Cathie: No joking today, Elliot; we have to get this notice posted and folks in bloggerville have to ACT – TODAY. NOW. IMMEDIATELY. The file is posted at:
http://www.goknow.com/goknowshare/SprintFCC.doc
Elliot: I don’t ever joke around, Cathie; it’s you who …
Cathie: Yes, yes.. it’s all my fault. Now, let’s get on with it, pleeeeease.
Elliot: As long as you take full responsibility then I will indeed proceed.
Cathie: Proceed or I will clobber you.
Elliot: Michael Flood of Sprint is asking all of us to join in requesting a key rule change in E-Rate funding.
Cathie: Right now, if a student takes a computing device home and connects to the Internet to do his or her homework, E-Rate will not pay for that “home connectivity” – even if the student is connecting to the Internet, safely, through his or her school’s proxy server. The E-Rate rule is that devices must be used on campus, not off-campus.
Elliot: Michael is making the argument that even if the student is not on the physical campus, the student is on the logical campus. For all intents and purposes, the student is “on campus” since he or she is connecting to the Internet through the school’s Internet connection.
Cathie: This is a critical change in E-Rate rules. It is absolutely critical that students be allowed – encouraged, required even – to take their mobile computing devices home and use them for curricular purposes from home – or from the library, the museum, the park, the baseball diamond, the mall. Learning is 24/7 and it is definitely not confined to a school building.
Elliot: Now I will steal one of Cathie’s lines – mobile technology is the one technology that can actually help bridge the digital divide.
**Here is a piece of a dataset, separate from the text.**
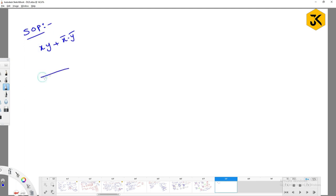Yes, we can solve it with help of K-map. How many variables are there? Two variables. F of x comma y - there are two variables.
Cathie: If a child has a cellularly connected mobile device in his or her hand, then that child can answer whatever questions that child has. The child can get help and answers right then and then. For that poor, urban or rural child having such a connected device is an unprecedented opportunity. The mobile connected device levels the playing field – for the first time.
Elliot: OK, Run, don’t walk and download the file with instructions on how to communicate to the FCC that it needs to change its rules and allow E-Rate to pay for mobile, networked devices that a child uses from home. Remember, the child is going to the Internet via his or her school’s filtered and safe proxy server. The telco’s can set up a link, a VPN for example, to make that connection happen; no problem.
Cathie: So, even though the child is at home using the Internet on his or her mobile device, the child is logically still on the school campus.
Elliot: Cathie, we have repeated ourselves in this blog posting.
Cathie: I know, but sometimes you have to say things twice, each time a little differently, before folks can actually hear it.
Elliot: Ahh, multiple linked representations and multiple entry points – that’s consistent with Gardner’s Theory of Multiple Intelligences.
Cathie: Say good night Gracie.
Elliot: Good night, Gracie – and download that document now now now! Please with sugar on top!!